* Task to carry out: Copy the data verbatim and leave out every picture.

* Dataset section:

^^^^

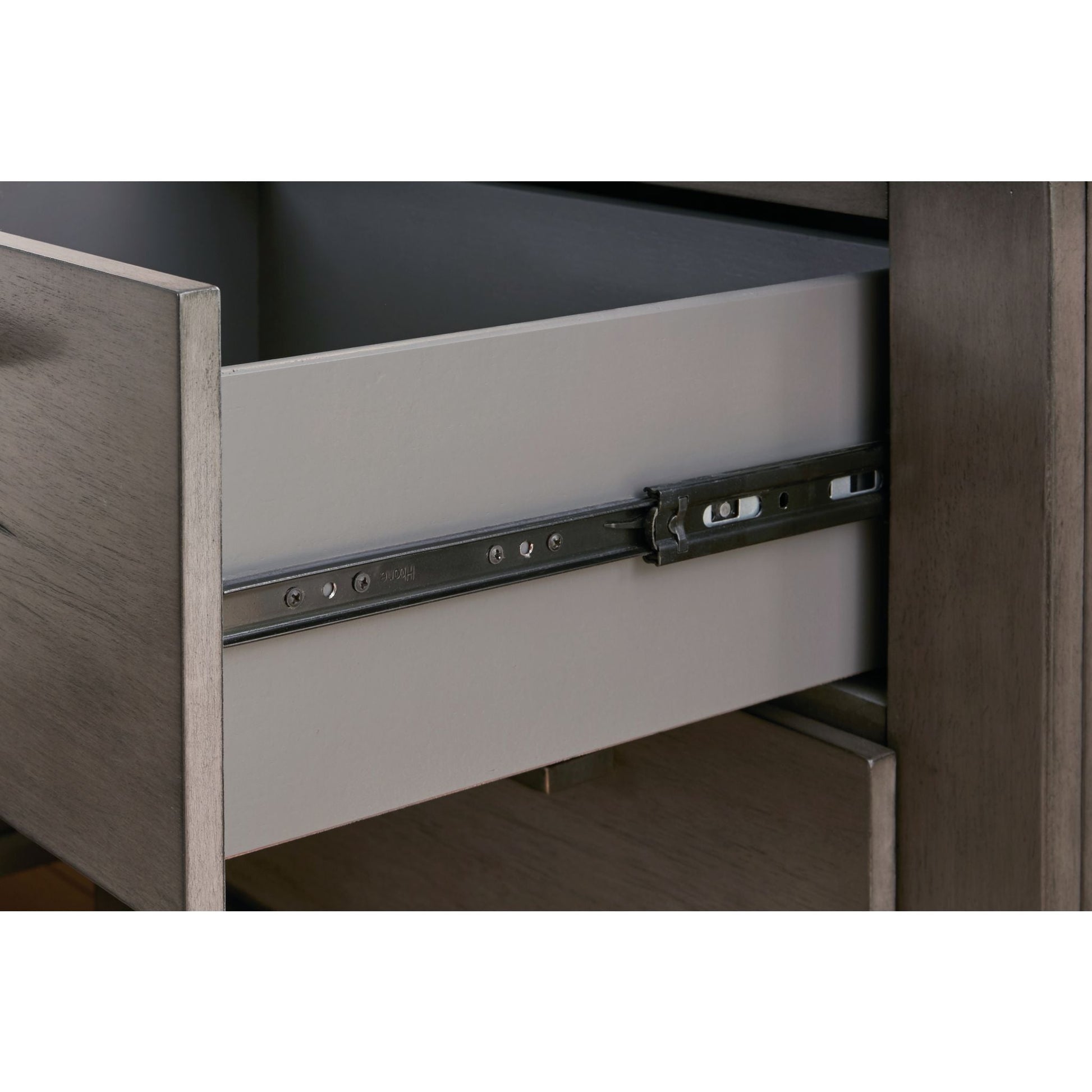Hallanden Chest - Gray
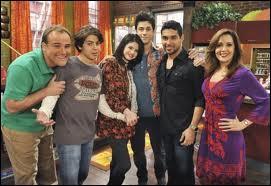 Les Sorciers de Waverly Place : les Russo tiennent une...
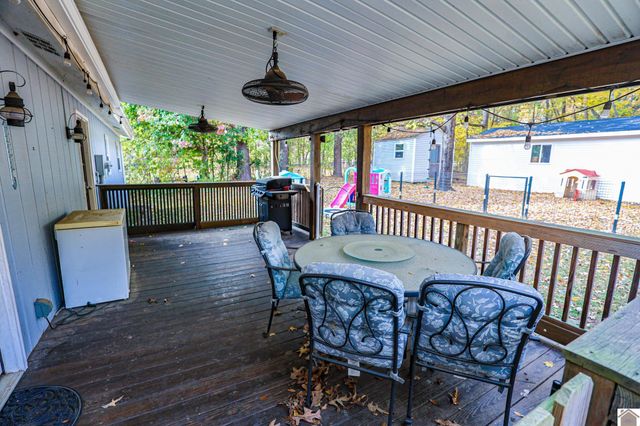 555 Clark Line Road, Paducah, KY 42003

^^^^

* Your solution:
Hallanden Chest - Gray
 Les Sorciers de Waverly Place : les Russo tiennent une...
 555 Clark Line Road, Paducah, KY 42003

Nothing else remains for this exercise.